If the UK could demonstrate the success and environmental credentials of shale gas, we could export our knowledge, skills and technologies to other countries in Europe and further afield, just as we did with conventional exploration. We must not repeat the mistakes of offshore wind, where we are the market leader in generation but lack any significant supply chain.
In the future, power generation will be centralised, cars and home heating—probably using air source heat pumps—will be electric and battery storage will be commonplace. Some people will argue that a new fossil fuel is a backward step that will prevent the energy industry from innovating. I disagree. Yes, renewables should be part of the future, but subsidies will only hold back their efficacy. I think that we should have reduced subsidies more progressively, as has happened in the US, but the Government had little choice given the wild and unmanaged overspend overseen—or probably not seen at all—by the previous Secretary of State.
Let us think of the technology sector. Deep Blue is the computer best known for defeating world chess champion Garry Kasparov on 11 May 1997, but a modern smartphone is 30 times more powerful than Deep Blue and made without Government intervention or subsidy. Should not the Government simply set the parameters for CO2 emissions and air quality and then let industry deliver the solutions? Is that not a better solution than paying homeowners unsustainable amounts of money to put solar panels on their roofs?
Of course, we can contemplate welcoming a new industry only if it is compatible with daily life in North Yorkshire. Last autumn, I paid a visit at my own expense to Pennsylvania to speak to local people, the US regulators, academics, protestors and operators about the impacts of the shale gas industry on the economy, the community and the environment. I did not see significant and widespread industrialisation of rural areas, but we do need to learn from early regulatory failures and carefully plan for the industry’s cumulative impacts.
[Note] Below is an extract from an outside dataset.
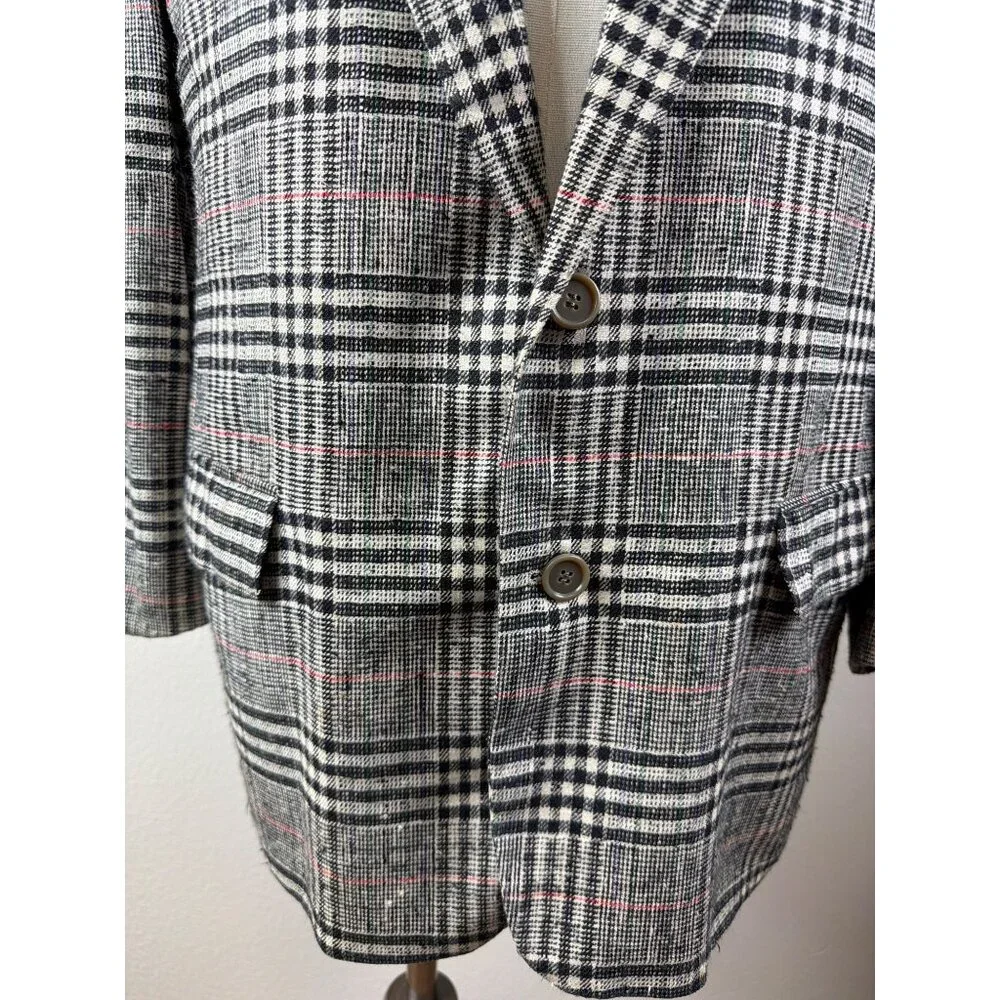 BOSS Hugo Boss Men's 42S Plaid Gray Plaid Wool Blazer Glen Check Sport Coat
We need a single regulator to make sure that there is a clear line of accountability. We need independent regulation and monitoring at every stage and, crucially, a rolling five-year local plan to co-ordinate activities. We need a local plan for fracking, covering a five-year roll-out and detailed solutions for key concerns. We also need traffic plans for the movement of heavy industrial equipment. Heavy industrial plant connected with shale gas, such as compressor stations and refineries, needs to be located in areas used to hosting industrial chemical sites.
We need minimum distances to settlements and schools and minimum distances between sites to prevent the industrialisation that many people are concerned about. We also need to consider the impact on other important parts of our local economies and, of course, the visual impact on our countryside, so we need buffer zones around our national parks and areas of outstanding natural beauty.
In an age of computer-generated imagery and simulated time-lapse photography, we can and must paint the picture for the public on how we can carry out fracking safely and discreetly, or risk years of delays owing to public concern. The effects on the economy and on job creation locally in Pennsylvania were positive, and I met various supply-chain businesses that were clearly thriving.
We must look at the whole picture. We cannot afford to ignore this opportunity. Under this Government, the economy is doing well and unemployment has come down, but we would benefit from having a clean, low-cost, low-carbon, home-grown energy source that supports domestic businesses, creates local, well-paid jobs and makes our economy and our nation strong by generating energy for generations to come.